Some of the achievements of the UPA such as initiating the PPP (Public-Private Partnerships) in infrastructure mentioned in the book have since also gone bust. A great deal of those projects eventually became financially unviable, fuelling the NPA crisis. To be fair, this is partly attributable to the Global Financial Crisis of 2008 as identified in the book, but this has also to do with the easy money available post the crisis due to the lowering of interest rates. The reckless lending also fuelled the inflation towards the end of UPA-2, prompting RBI to jack-up interest rates, eating into the potential growth under NDA-2 after 2014. Much has been said about the slow implementation of the Insolvency Code to control the crisis, but it is equally true that UPA was slow in identifying the problem. Some of the other debacles include the retrospective amendment in the IT Act to fasten liability on Vodafone, the new land acquisition Act that made land acquisition substantially difficult, and the slew of scams that rocked the UPA-2.

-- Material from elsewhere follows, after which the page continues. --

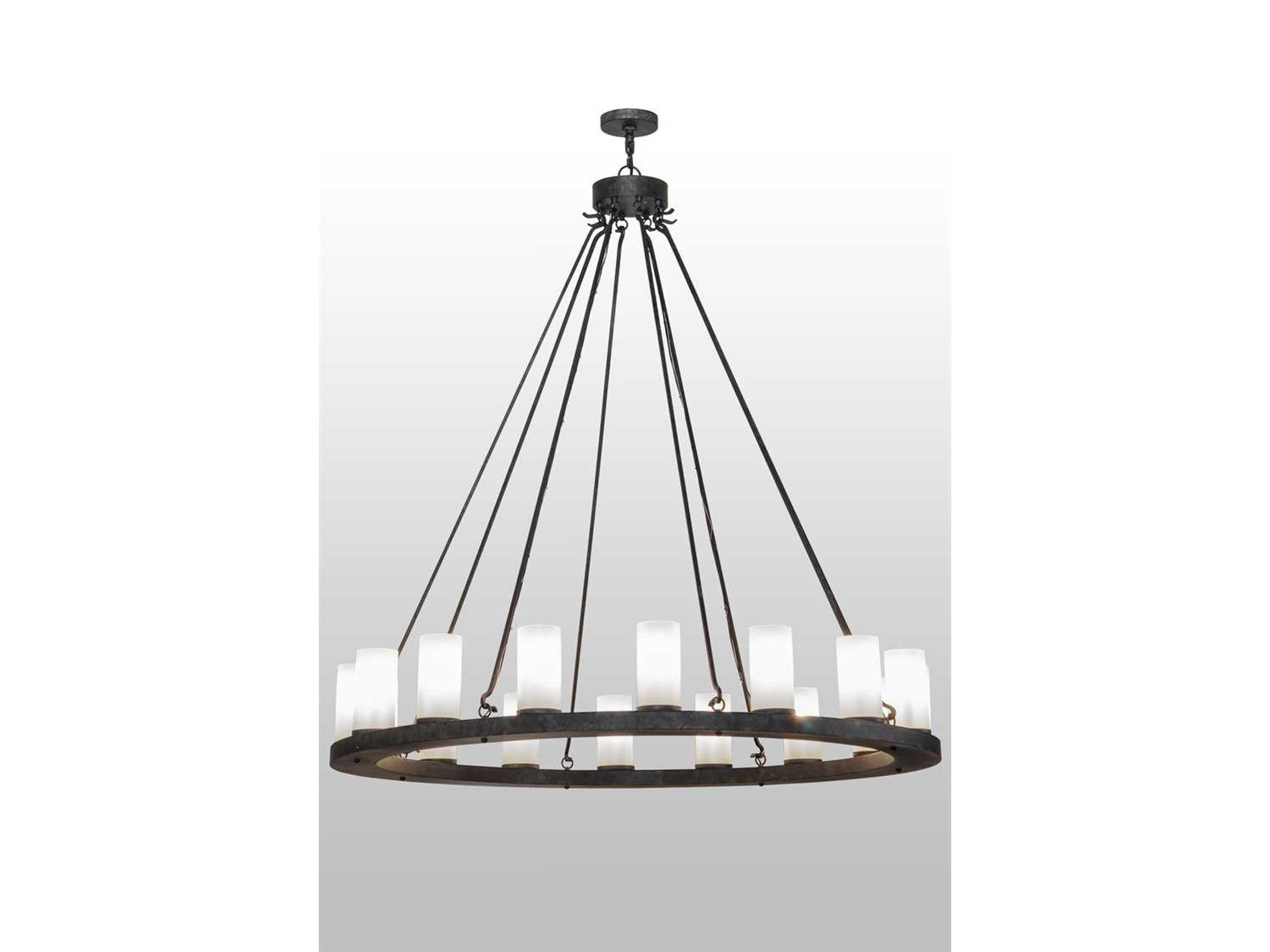 Deina 16-Light-Light Bronze Glass Candelabra Cylinder Round Chandelier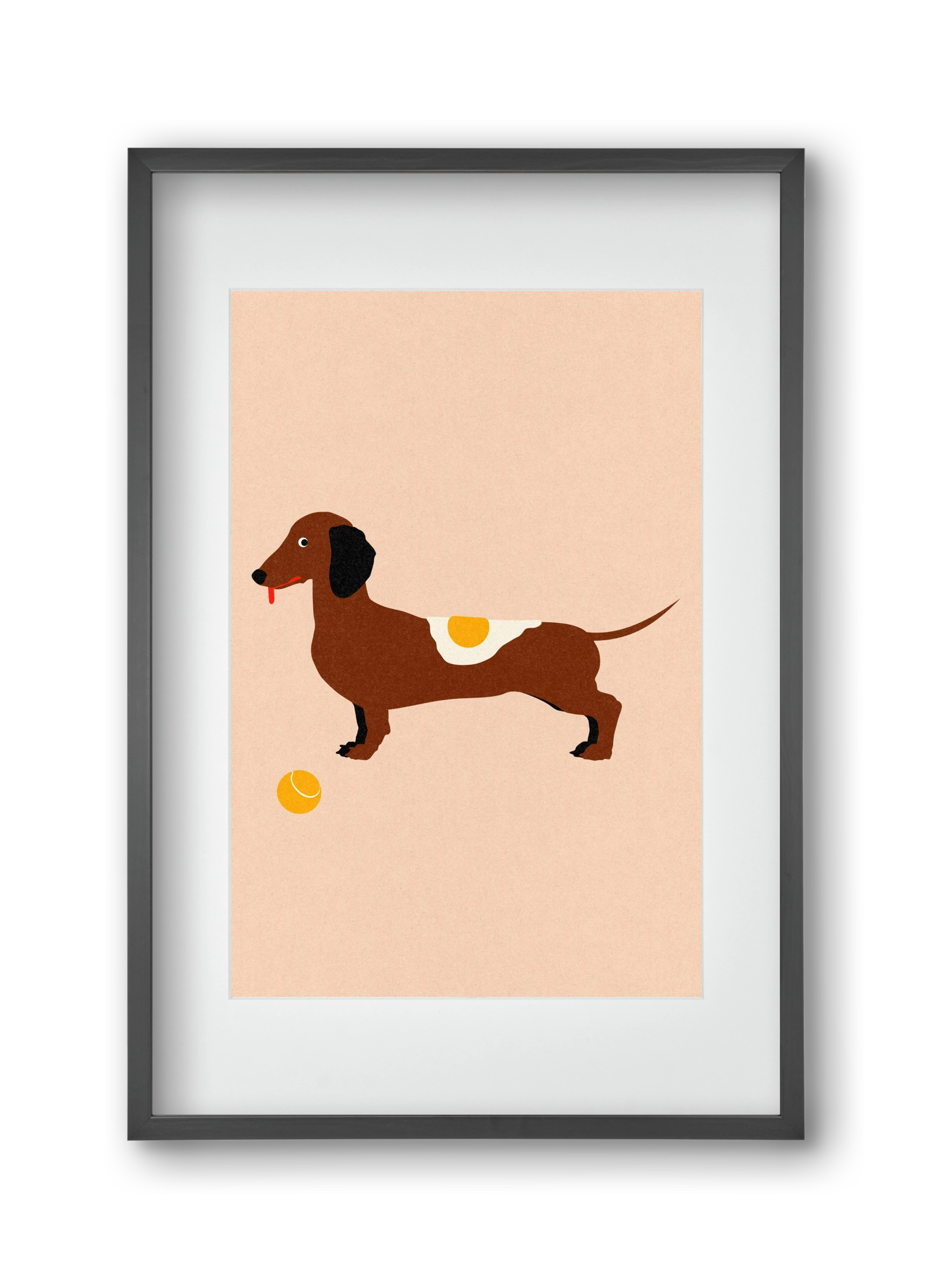 Dachshund With Tennisball and Fried Egg, 30x45 cm (20x30 cm), Fekete keret, paszpartuval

Here Dr. Ahluwalia has made some convincing arguments that deserve more scrutiny, his chief contention is that the CAG report on 2G was speculative and measured the loss to the exchequer in a highly questionable fashion. He argues that the government intended to allocate the spectrum at low cost to ensure ample competition in the market, thereby ensuring lower cost and more proliferation. There is no denying that this is a sound policy, as we subsequently saw, the high taxation in Telecom in the form of competitive bidding for spectrum and a revenue-sharing model led to numerous bankruptcies. However, if this was the intention of the government, it ensured an effective death of future discretionary allocation of resources by employing a high degree of arbitrariness in spectrum allocation. Since then governments have avoided discretionary allocation even where the sector can be benefited by it, as in the case of 5G spectrum allocation.
Overall, the book is highly readable. It offers a great insight into the world of policymaking at the helm. Dr. Ahluwalia played a significant role in the turbulent years of UPA as the Deputy Chairman of the Planning Commission. On numerous occasions he tried to ensure that UPA does not stride too much off the path of growth-led development by arguing against right-based legislation, lobbying for better administration in areas of power generation, water usage, and subsidies with state Chief Ministers. The book briefly covers the NDA years from 2014 to 2019 in the epilogue, where a similar derailment from growth started in 2016 with demonetization. Dr. Ahluwalia does not mince his words, offering a sharp critique. Incidentally, these years saw Prof. Panagariya at the helm in the capacity of Deputy Chairman at the NITI Ayog, the successor of the Planning Commission. Although NITI Ayog had a much more limited scope than the Planning Commission, NDA did not usher in many of the reforms recommended by it. This gives us an insight into the tough world of navigating and implementing sound economic policy in our political climate. In conclusion, despite its biases, the book is honest, reflective, and convincing in its justifications, criticism, and concessions, making it a must-read for anyone interested in economics and policy-making.